The Claremont colleges, a consortium of five undergraduate liberal arts colleges and two graduate institutions, are extremely competitive as well. The consortium includes Claremont Mckenna, Pitzer, Pomona, Harvey Mudd and Scripps.

But those schools do not have as strong of a Jewish community (only 12 percent of all their undergraduates are Jewish according to Hillel) as a place like George Washington University (26 percent Jewish), the University of Maryland at College Park (20 percent Jewish), Brandeis (44 percent Jewish), Rutgers University, New Brunswick (18 percent Jewish) and the University of Pennsylvania (17 percent Jewish).


Senior David Khakshooy wants to leave home for college, but his parents want him to go to Santa Monica Community College and transfer to a UC. Of his 26 cousins, he says 24 of them took that route, most of them from public high schools.

“It wasn’t a choice for most of them,” David said, and they didn’t think about it since going to SMC was always the plan.

David said his parents would let him attend a UC straight out of high school, but he doesn’t think he can get into one. California state universities are an option, but his parents strongly prefer he go to SMC, because then he won’t be able to move into a dorm since those campuses don’t have any.

If he attends UCLA, he will be able to dorm, which his parents do not want.  He said he wants the independence of living on his own.

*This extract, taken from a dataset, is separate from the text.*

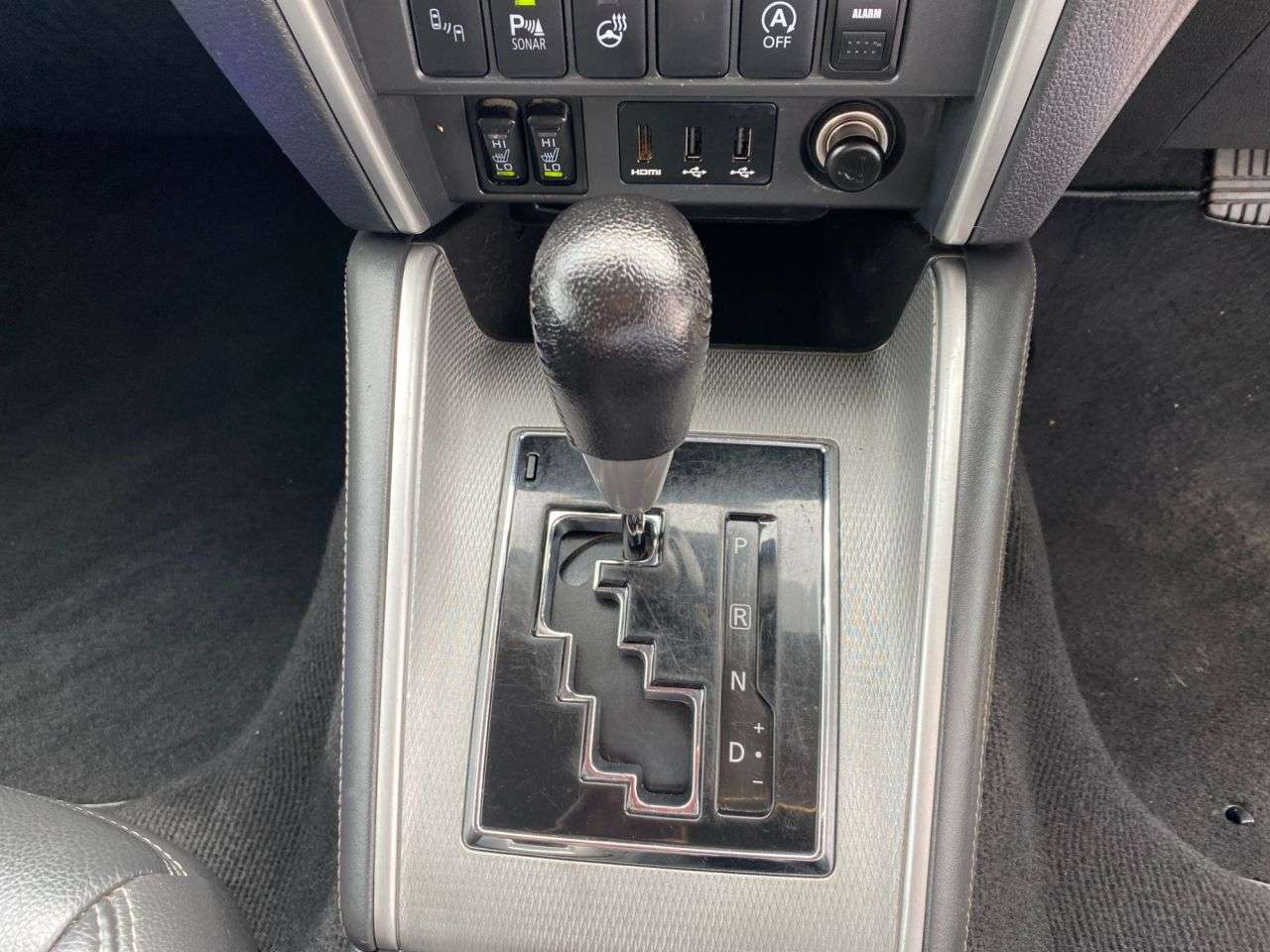 2020 MITSUBISHI L200 2020 MITSUBISHI L200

“My parents want to force me to stay in California,” David said. “I’m still applying out of state, because maybe I can convince them. If not, maybe I’ll take a loan out and go, because they won’t pay for an out-of-state school.”

The numbers of kids flying the coop is increasing in New York as well as Los Angeles.

Ms. Biller-Levy said that when she attended Flatbush, not everyone was expected to go to college. This generation, everyone is expected to pursue a higher education. So she believes it is possible that in 10 or 15 years, an additional step will be taken where families are comfortable with students going out of state.

She has already been seeing in the last few years, she said.

“There are some students who assume that … going away has been taken off the table right off the bat,” said Ms. Biller-Levy. “But then you have students who don’t necessarily want to do that.”

For now, the trend has mostly stayed the same. She said out of a grade of 150 students, there are only a handful of kids — “I can count them on my two hands” — who are planning on leaving the state of New York.